81 ilde eş zamanlı olarak gerçekleştirilen basın açıklamasında, Çin’in baskıcı tutumu nedeniyle Doğu Türkistan’daki Müslüman halkın yaşadığı zorluklar dile getirildi. Basın açıklamasında konuyla ilgili olarak, “Doğu Türkistan’da yaşayan kardeşlerimiz birçok temel haktan mahrum bırakılmıştır. İnanç ve düşünce özgürlükleri kısıtlanmıştır. Psikolojik ve fiziksel işkencelere maruz kaldıklarına dair haberler canımızı yakmaktadır.” ifadeleri kullanıldı.
Anadolu Gençlik Derneği Edirne Şubesi tarafından yapılan açıklama şu şekilde:
“Müslüman coğrafyada ve özellikle Doğu Türkistan’ da yaşanan zulümleri telin etmek için bir araya gelmiş bulunuyoruz. İkinci Dünya Savaşının ardından, yeryüzünde barış ve adalet tesis edilememiştir. Emperyalizm, işgallerle, iç savaşlarla, şiddet ve korkuyla, zayıf bırakılmış ülkeler ve halklar üzerindeki baskı ve tahakkümlerini sürdürmektedir. Tüm dünyada, uluslararası sistemde hakim olan hukuk, gücün hukukudur. Bir yandan ABD, Afganistan’ı, Irak’ı, Libya ve Suriye’yi işgal ederken; İsrail de Filistin’i Batı Şeria ve Gazze’ye sıkıştırmaktadır. Diğer yandan Çin, 1949’dan bu zamana kontrolü altında bulundurduğu Doğu Türkistan’da Müslümanlara her türlü baskıyı uygulamaktadır. Mevcut dünya düzeninde İslam ülkeleri ve Müslüman halklar, ya ABD, İngiltere, İsrail safında yer alamaya ya da Rusya-Çin ikilisinden birine sığınmaya zorlanmaktadırlar.
Neredeyse tüm İslam coğrafyasında vesayet rejimleri vardır. Görünürde bağımsız İslam ülkeleri, ne yazık ki gerçekte ekonomik, teknolojik ve askeri alanlarda küresel güçlere bağımlıdırlar. Yetmiş yıldır Çin’in baskısı altında bulunan ve Türkiye’nin iki buçuk katı büyüklükte yüzölçümüne sahip olan Doğu Türkistan’da da Müslümanların durumu içler acısıdır. Çin’in baskıcı tutumu, Doğu Türkistan’la ilgili sağlıklı bilgi akışının ve oradaki Müslümanlarla iletişimin önüne geçmektedir. Doğu Türkistan’da yaşayan kardeşlerimiz birçok temel haktan mahrum bırakılmıştır. İnanç ve düşünce özgürlükleri kısıtlanmıştır. Psikolojik ve fiziksel işkencelere maruz kaldıklarına dair haberler canımızı yakmaktadır. Çin, Müslüman Doğu Türkistan halkının, haklı taleplerini susturmak, örtbas etmek ve bu hakların dış dünyayla irtibatlarını kesmek yerine, temel hak ve özgürlüklerini yaşayabilecekleri bir zemin oluşturmaya zorlanmalıdır.

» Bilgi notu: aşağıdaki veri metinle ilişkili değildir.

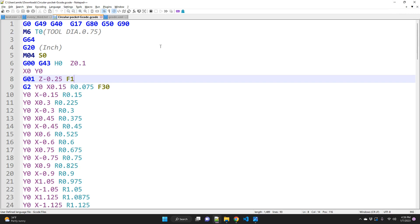Now, there are other G-code editors out there that can do the same. But this video was mainly just to use Notepad++ because if you are familiar with Notepad++, you can do all the other tricks and tips that comes with Notepad++.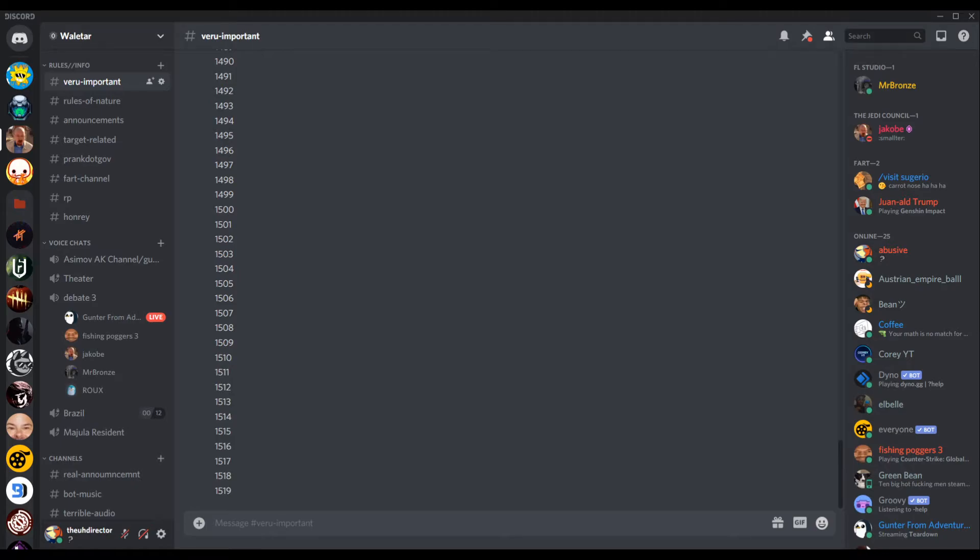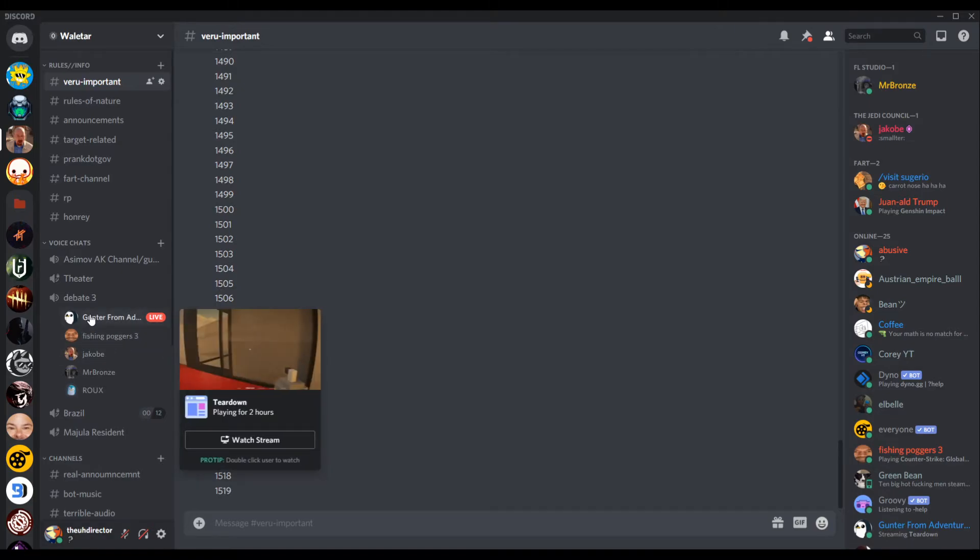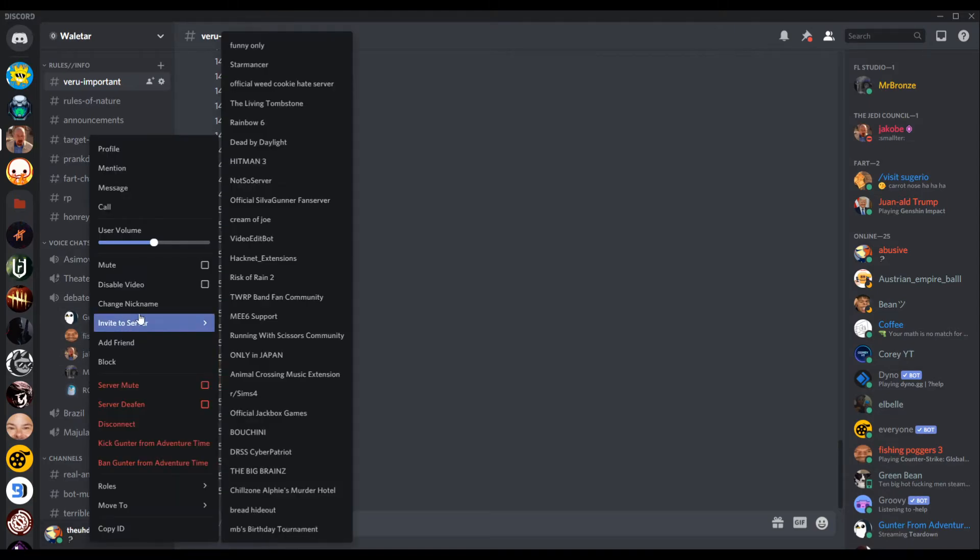Now the first thing you're going to do is take your mouse over to the voice channel and you're going to right click on this, and then you're going to click this button. And that's it.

Başta Türkiye olmak üzere, İslam ülkelerinin, Çin’e karşı birlikte hareket etmeleri ve her platformda bu konuyu dile getirmeleri, Doğu Türkistanlı kardeşlerimizin seslerine ses, haklı davalarına güç katacaktır. Yeryüzünde huzur ve barış için, tüm İslam Ülkeleri, ABD, İngiltere, Avrupa Birliği ve İsrail güdümünden uzak politikalar üretmelidir. ABD ile stratejik ortaklık hiçbir İslam ülkesine fayda getirmez. İsrail ile birlikte hareket etmek hiçbir İslam ülkesine fayda getirmez. İslam coğrafyasındaki parçalanmışlık mutlaka giderilmelidir. Dünyanın herhangi bir yerinde bir insanımızın haksızlığa uğramasını istemiyorsak, bunun yolu, İslam ülkelerinin hak ve adalet ekseninde güç birliği yapmasından geçer. Dünyanın herhangi bir yerinde, bir insanımızın haksızlığa uğramasını istemiyorsak, bunun yolu İslam Birliğinin tesis edilmesinden geçer. D-8’in faal hale gelmesinden geçer. Dünyanın herhangi bir yerinde, bir insanımızın haksızlığa uğramasını istemiyorsak, bunun yolu, yeryüzünde adil bir düzenin kurulması için gayret etmekten geçer. Allah, hak ve adaletin tesisi için atılan adımları boşa çıkarmayacaktır.”